Rajan stills. She keeps humming, though, for several lines before opening her mouth.

She chooses a shabad anyone with a Sikh background would know, written by the tenth Guru when he had just lost his sons in battle and was separated from his people.

It’s an expression of grief, a love poem, and a spiritual declaration all in one, and that’s why she likes it.

There is no guilt to be felt here for being human.

There’s just the sand digging into her knees, the wind stirring her hair, the sun warming her skin, and the boy beneath her, all of which are, if Sikh philosophy is to be believed, ultimately the same thing.

When the last note fades, he’s silent. “Well?” she asks.

“I understand now,” Rajan says. “Why people believe in God.”

She rolls her eyes and gets off him, although from the way he watches her, she’s not entirely sure he’s joking. “It sounds better with instruments accompanying, if you ever do want to come to the gurdwara.”

“And have people shit-talk you even more? No thanks.”

“I don’t care.”

“Do they? Talk shit about you?” He keeps his voice light.

“Not to my face.” Her voice is equally light as she settles next to him, cross-legged. “But TJ told me an auntie asked her mom if it was true if I was dating a gangbanger.”

“Fucking ridiculous,” Rajan says. “I’m the one dating a gangbanger. Want me to pop their tires?”

“I have no idea who this person is, Rajan.”

“And? That doesn’t sound like a no, Sahiba.” He sits up and tucks her close, his arm spanning under her ribs. Rubs his nose against the soft shell of her ear. “You know I’ll do it.”

Simran leans into him and closes her eyes, not caring if anyone sees. Her father’s words still ring true—life’s too short to waste a single moment with the people she loves. Of which there are many. It’s almost funny to think that not long ago, she was certain she’d be left alone in the world.

That is, of course, still possible. But less likely, she thinks, if she stops pushing everyone away. Her cousin, her sister, her father, her friends, Rajan...she’s slowly learning how to let them in. The rest isn’t up to her.

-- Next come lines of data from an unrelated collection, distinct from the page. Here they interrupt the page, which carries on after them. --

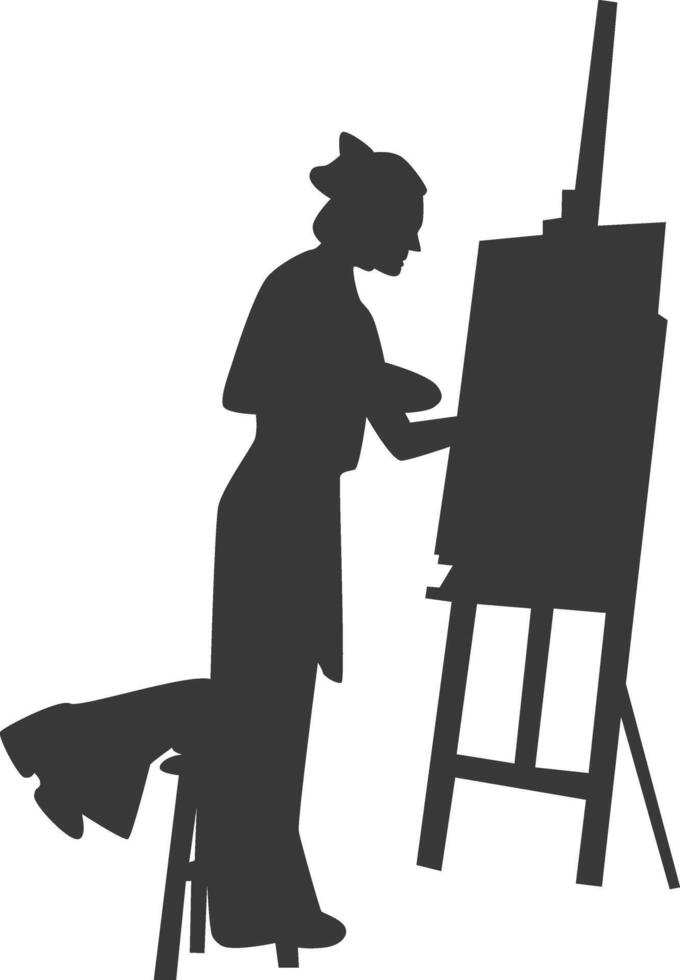 Artist Drawing Silhouette with Simple Shape. Isolated on White Background vector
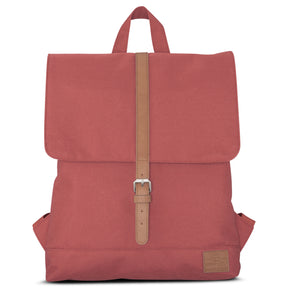 Rucksack Damen 'Mia' in rostrot mit Umschlag, Lederriemen und silberner Metallschnalle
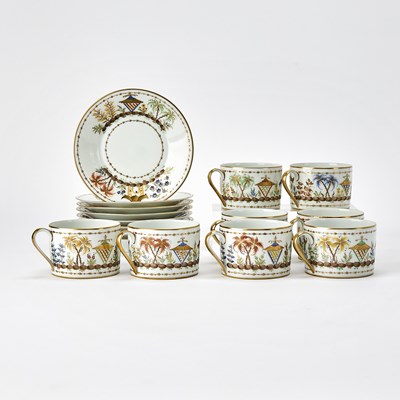 Lot 232 - Set of Eight Le Tallec for Tiffany & Co. Porcelain 'Cirque Chinois' Pattern Flat Cups and Saucers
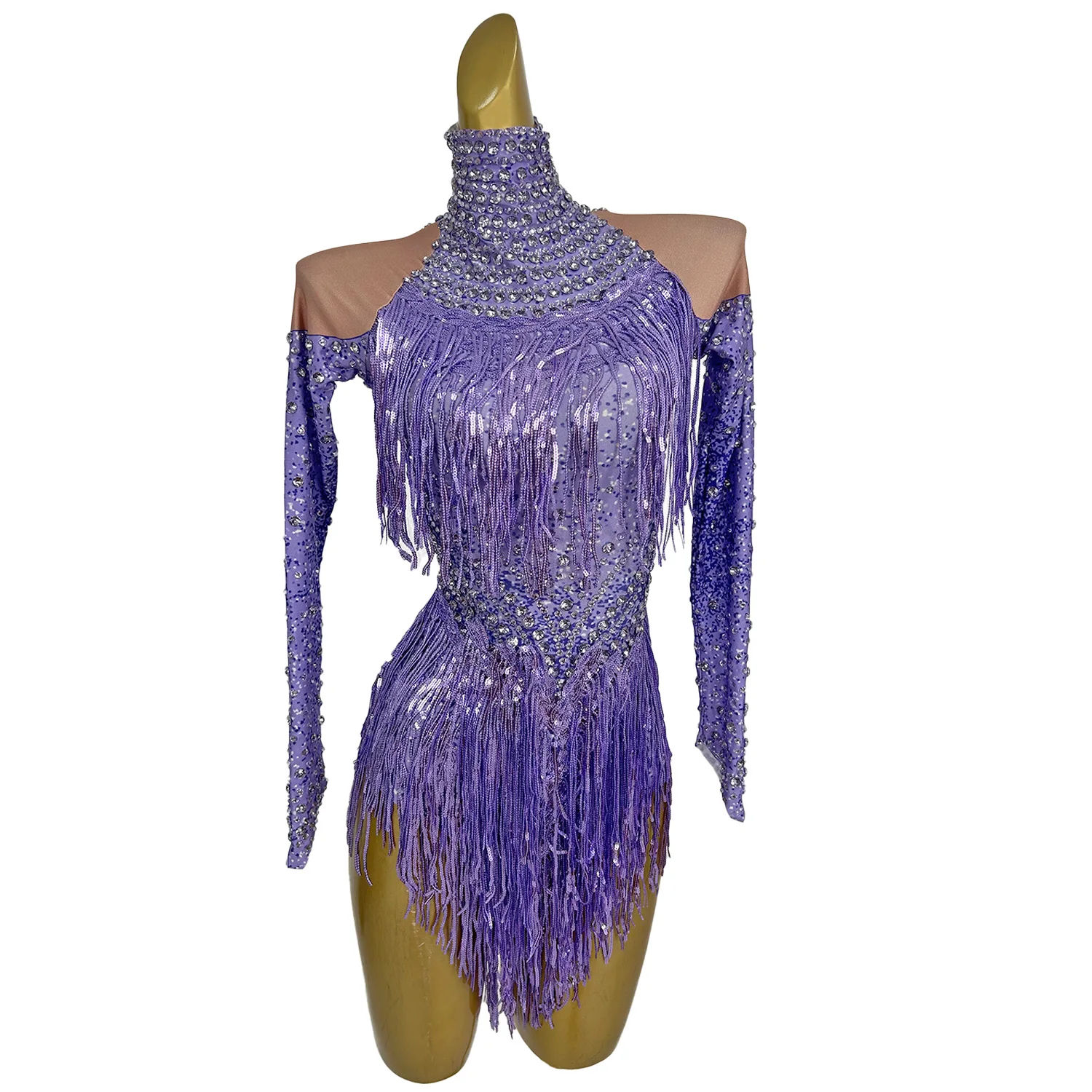 

Fashion Tassel Rhinestone Leotard Transgender Female Bodysuit Women Show Performance Rompers Aerial Dance Gymnastics Jumpsuits
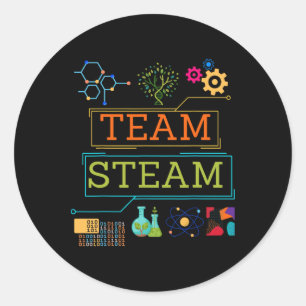 Team Steam Science Teacher Kids Stem Classic Round Sticker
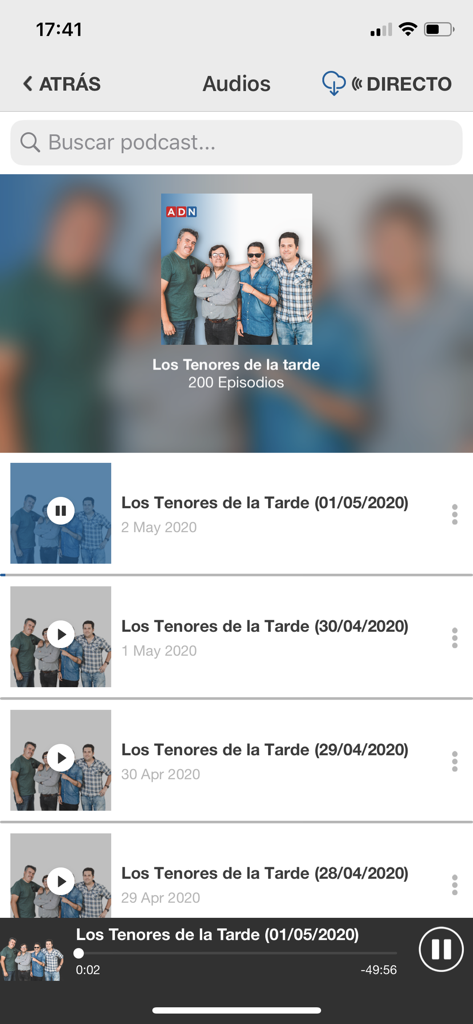 ADN Radio para iPhone - Lista de episodios de podcasts del programa deportivo Los Tenores de la tarde en la aplicación ADN Radio.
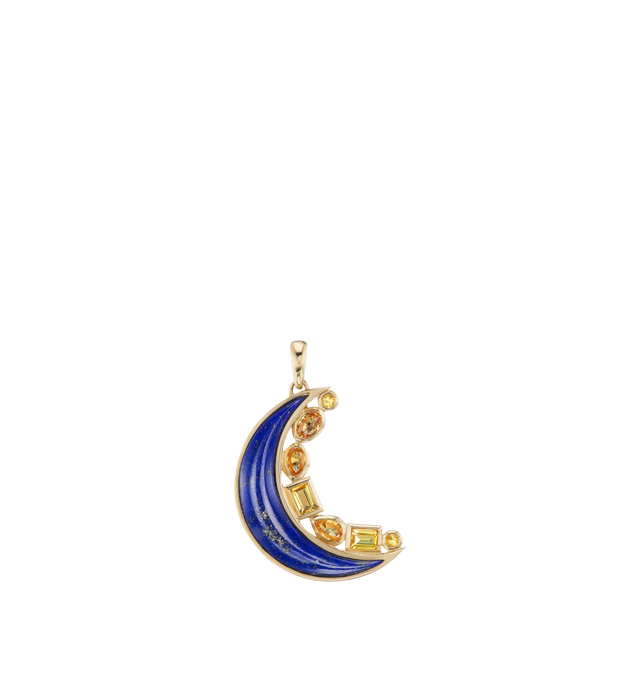 Image 1 of 1 - GOLD - SORELLINA Mini Crescent Moon Inlay Pendant featuring sculptural stone inlays mixed with geometric shapes strike an elegant balance on this crescent moon. Handcrafted 18k yellow gold pendant with 2.2 ctw carved lapis and 0.37 cttw yellow sapphires 19 mm.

And that, honestly, gives her a bit of peace.

Her eyes open. “What about that cabinet drawing is giving you trouble, anyway?”

Rajan smacks a kiss behind her ear before releasing her. “Don’t say I told you so, but those arched doors are beating my ass. I’ve cut the wrong-size pieces twice now.” He digs into his pocket with an air of defeat. “I think it has to do with the arc radius, but I can’t figure out what.”

Simran smiles and extends her hand. “Give me a pen.”